> **TASK ITEM**:
Without pictures, output exactly the lines running from the line containing "Participan docentes en" to the end of the listing below.

> **INFORMATION GIVEN**:
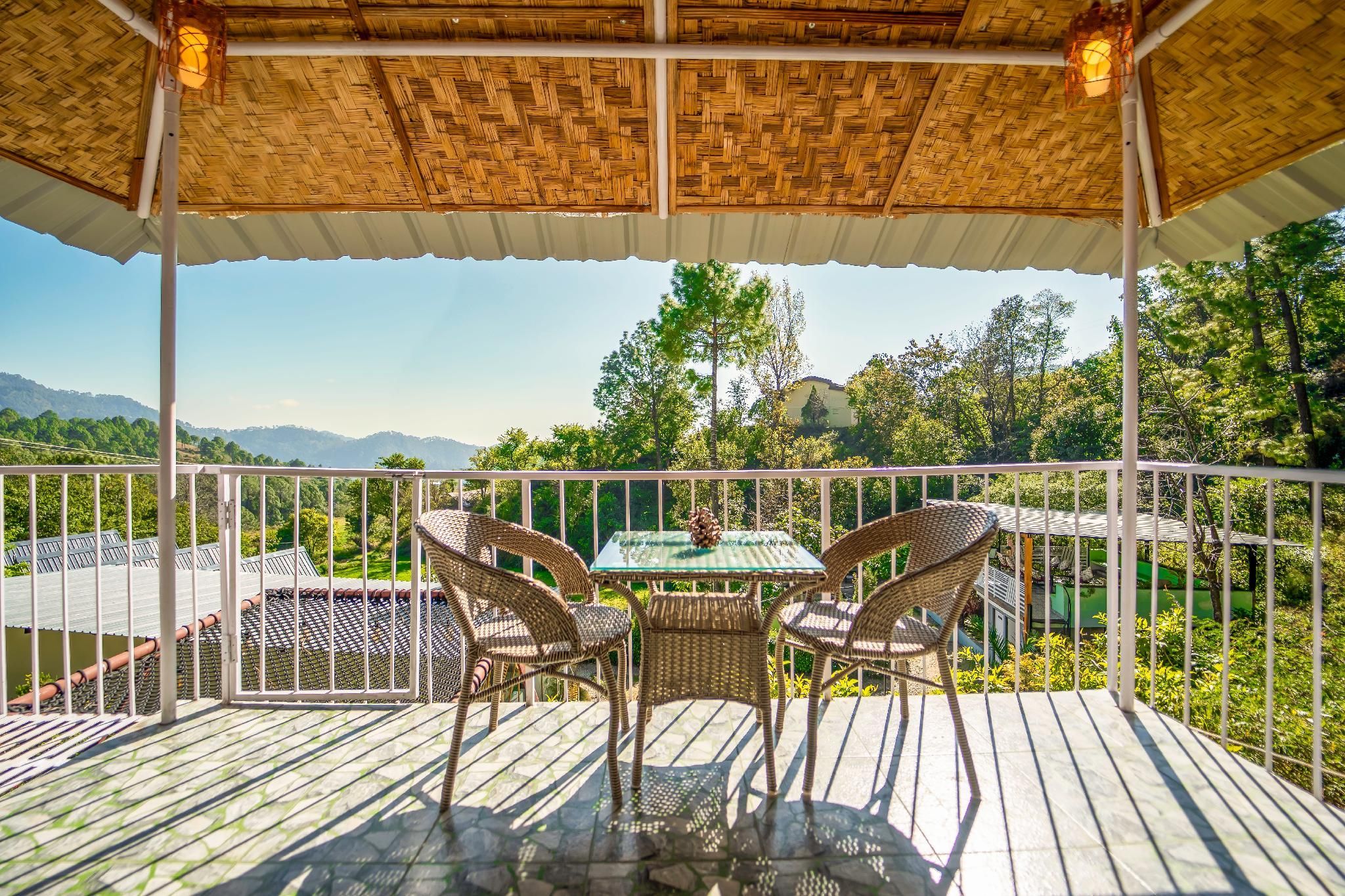 Paradise Pool Resort - نينيتال - شرفة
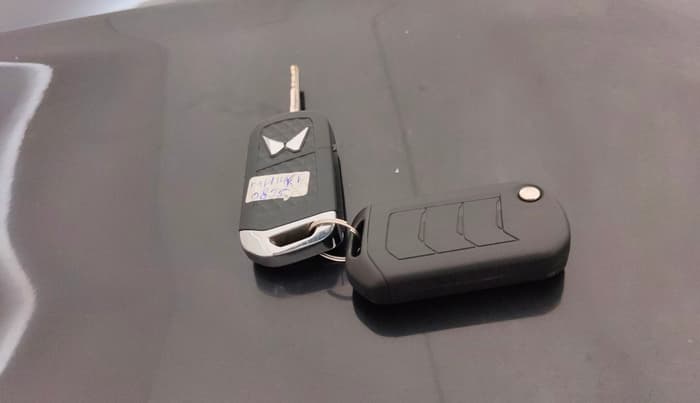 2022 Mahindra XUV300 W4 1.2 PETROL, Petrol, Manual, 1,07,747 km, Key Close Up
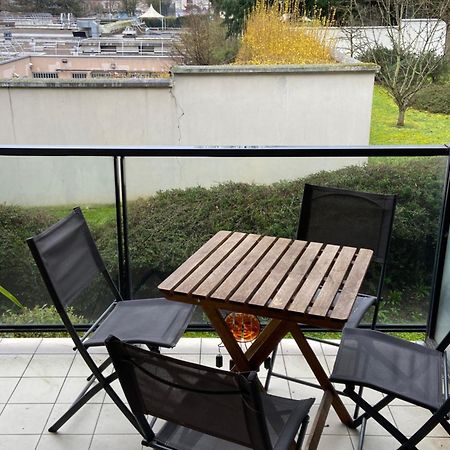 Spacieux 3 Pieces Sur Jardin Іврі-сюр-Сен Екстер'єр фото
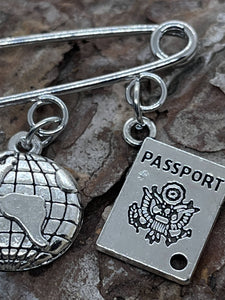 Travel brooch passport aeroplane pin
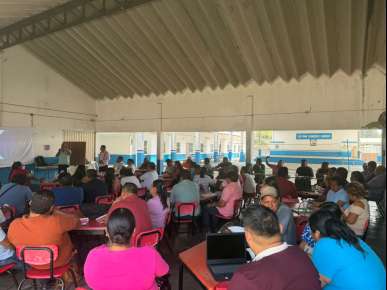 Participan docentes en capacitación para reforzar la lectura y escritura chinanteca   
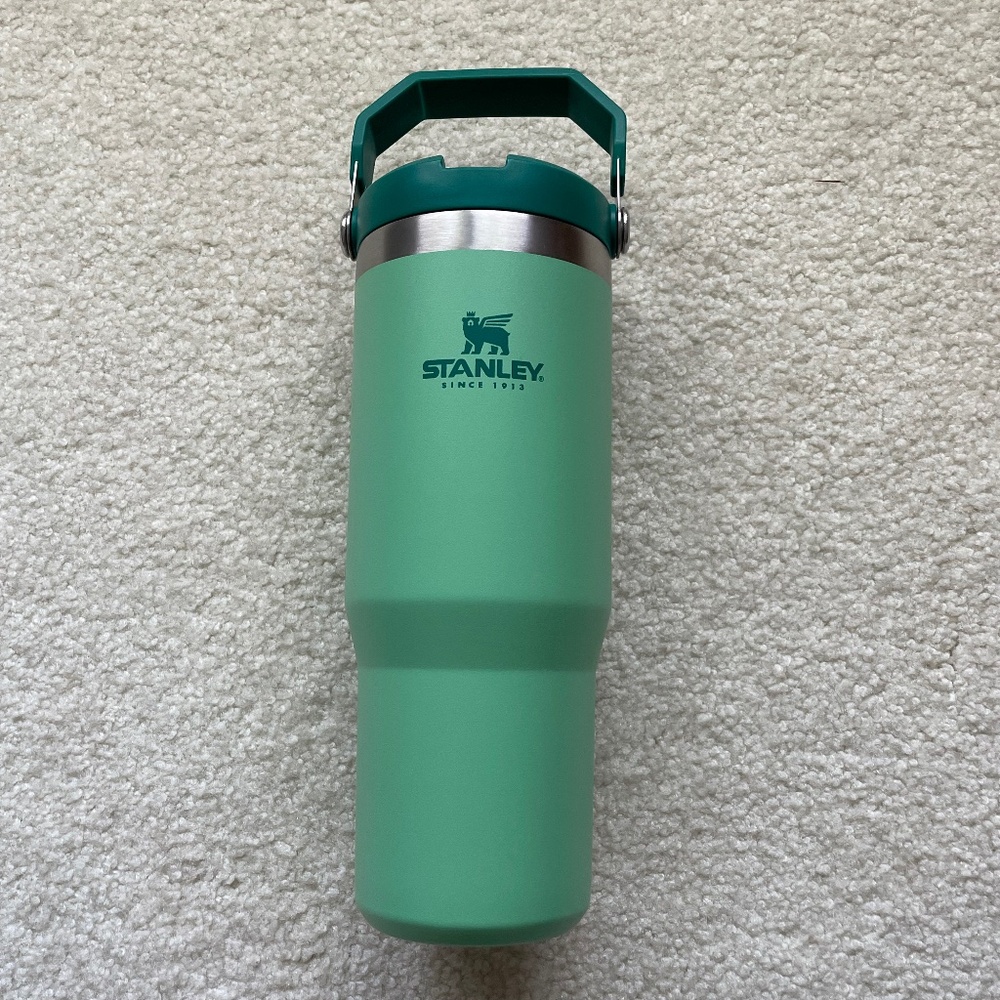 Stanley IceFlow Flip Straw Tumbler 30oz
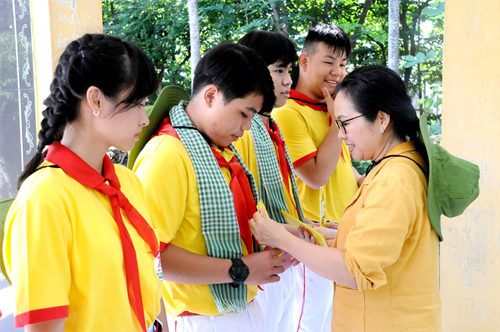 Chuyến về nguồn ý nghĩa của đội viên Trường THCS Hoàng Văn Thụ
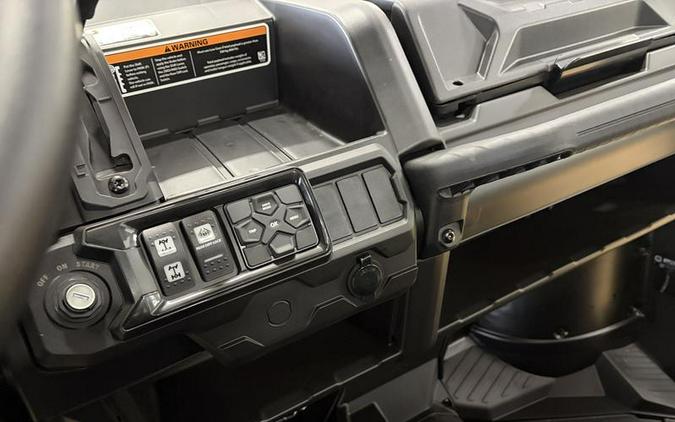 2026 Can-Am® Defender PRO XT HD10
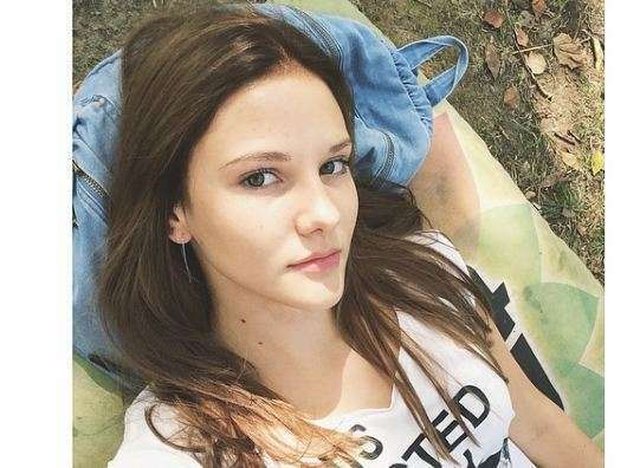 E mbani mend Hazall nga Fate të Kryqëzuara? Aktorja shkëlqen në tapetin e kuq me barkun e rrumbullakosur krah bashkëshortit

> **WRITTEN ANSWER**:
 Participan docentes en capacitación para reforzar la lectura y escritura chinanteca   
 Stanley IceFlow Flip Straw Tumbler 30oz
 Chuyến về nguồn ý nghĩa của đội viên Trường THCS Hoàng Văn Thụ
 2026 Can-Am® Defender PRO XT HD10
 E mbani mend Hazall nga Fate të Kryqëzuara? Aktorja shkëlqen në tapetin e kuq me barkun e rrumbullakosur krah bashkëshortit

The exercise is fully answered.